▶ _WHAT IS REQUIRED_:
For the data below, give the number of lines that include the word "Quality" and nothing else.

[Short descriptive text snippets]
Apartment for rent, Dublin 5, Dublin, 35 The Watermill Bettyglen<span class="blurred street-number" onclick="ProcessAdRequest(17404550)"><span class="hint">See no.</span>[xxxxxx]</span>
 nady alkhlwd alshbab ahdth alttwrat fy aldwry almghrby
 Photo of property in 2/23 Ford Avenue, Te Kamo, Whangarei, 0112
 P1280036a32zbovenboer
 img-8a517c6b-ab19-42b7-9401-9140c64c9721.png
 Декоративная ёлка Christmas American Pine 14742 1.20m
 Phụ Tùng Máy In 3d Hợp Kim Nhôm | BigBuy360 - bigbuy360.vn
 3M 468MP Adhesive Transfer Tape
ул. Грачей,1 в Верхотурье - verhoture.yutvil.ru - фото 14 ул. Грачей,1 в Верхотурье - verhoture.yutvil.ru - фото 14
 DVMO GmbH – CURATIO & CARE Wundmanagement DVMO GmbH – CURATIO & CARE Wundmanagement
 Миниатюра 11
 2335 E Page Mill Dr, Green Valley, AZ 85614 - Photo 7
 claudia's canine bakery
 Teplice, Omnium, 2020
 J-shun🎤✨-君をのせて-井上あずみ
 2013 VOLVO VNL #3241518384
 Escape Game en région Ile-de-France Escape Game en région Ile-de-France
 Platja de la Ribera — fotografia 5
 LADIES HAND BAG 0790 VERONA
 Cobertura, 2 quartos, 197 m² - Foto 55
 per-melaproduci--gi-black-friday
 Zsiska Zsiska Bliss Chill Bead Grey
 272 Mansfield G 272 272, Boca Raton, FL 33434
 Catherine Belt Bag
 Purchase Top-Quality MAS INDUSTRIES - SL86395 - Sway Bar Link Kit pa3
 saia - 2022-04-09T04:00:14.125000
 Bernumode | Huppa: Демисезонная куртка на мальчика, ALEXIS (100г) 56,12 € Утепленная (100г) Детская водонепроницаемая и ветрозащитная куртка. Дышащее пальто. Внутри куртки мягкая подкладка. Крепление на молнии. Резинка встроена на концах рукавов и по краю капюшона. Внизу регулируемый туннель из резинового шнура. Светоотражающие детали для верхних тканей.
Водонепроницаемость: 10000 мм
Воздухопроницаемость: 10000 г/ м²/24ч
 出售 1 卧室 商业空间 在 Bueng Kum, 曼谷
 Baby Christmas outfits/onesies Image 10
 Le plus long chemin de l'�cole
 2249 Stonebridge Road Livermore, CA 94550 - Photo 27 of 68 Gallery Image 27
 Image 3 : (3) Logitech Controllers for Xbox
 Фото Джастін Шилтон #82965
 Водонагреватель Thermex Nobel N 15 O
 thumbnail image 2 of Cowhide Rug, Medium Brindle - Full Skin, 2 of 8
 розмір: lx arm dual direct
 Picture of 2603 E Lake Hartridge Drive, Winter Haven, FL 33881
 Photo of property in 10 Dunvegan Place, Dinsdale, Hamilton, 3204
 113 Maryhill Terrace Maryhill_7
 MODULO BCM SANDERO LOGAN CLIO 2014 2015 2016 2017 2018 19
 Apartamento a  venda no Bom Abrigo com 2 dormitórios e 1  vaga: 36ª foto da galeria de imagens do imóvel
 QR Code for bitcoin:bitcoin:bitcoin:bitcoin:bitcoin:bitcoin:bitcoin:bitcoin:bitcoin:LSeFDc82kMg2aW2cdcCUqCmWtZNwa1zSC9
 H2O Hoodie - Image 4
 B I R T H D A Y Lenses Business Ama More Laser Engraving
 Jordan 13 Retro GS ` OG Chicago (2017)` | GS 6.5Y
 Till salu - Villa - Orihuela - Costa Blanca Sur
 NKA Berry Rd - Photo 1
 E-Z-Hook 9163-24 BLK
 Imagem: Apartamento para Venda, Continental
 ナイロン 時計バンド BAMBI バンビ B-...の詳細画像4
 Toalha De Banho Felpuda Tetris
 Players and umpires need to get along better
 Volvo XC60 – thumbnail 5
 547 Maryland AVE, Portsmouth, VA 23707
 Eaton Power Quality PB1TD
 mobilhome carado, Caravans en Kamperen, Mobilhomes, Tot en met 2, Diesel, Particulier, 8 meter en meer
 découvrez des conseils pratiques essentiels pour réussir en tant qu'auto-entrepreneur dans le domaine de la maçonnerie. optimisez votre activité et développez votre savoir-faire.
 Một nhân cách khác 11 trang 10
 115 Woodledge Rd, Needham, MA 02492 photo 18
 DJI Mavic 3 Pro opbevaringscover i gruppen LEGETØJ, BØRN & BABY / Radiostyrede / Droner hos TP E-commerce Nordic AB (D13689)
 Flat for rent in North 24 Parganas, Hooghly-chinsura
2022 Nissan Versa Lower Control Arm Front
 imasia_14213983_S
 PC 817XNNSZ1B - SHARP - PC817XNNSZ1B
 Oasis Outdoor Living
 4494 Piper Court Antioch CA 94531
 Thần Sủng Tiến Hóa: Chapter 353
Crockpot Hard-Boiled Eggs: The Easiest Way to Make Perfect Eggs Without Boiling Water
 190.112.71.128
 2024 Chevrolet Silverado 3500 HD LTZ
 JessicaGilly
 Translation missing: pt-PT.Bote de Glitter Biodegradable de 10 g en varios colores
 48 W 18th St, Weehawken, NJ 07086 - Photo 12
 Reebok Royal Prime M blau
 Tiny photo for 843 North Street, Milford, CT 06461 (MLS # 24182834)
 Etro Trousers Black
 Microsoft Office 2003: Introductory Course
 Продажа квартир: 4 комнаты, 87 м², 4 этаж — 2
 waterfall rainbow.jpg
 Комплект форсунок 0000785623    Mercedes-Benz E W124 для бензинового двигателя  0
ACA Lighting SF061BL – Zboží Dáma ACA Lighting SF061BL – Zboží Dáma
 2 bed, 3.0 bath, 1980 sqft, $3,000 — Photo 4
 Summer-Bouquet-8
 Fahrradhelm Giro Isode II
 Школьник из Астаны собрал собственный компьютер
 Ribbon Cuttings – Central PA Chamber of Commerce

▶ _PROBLEM SOLUTION_:
2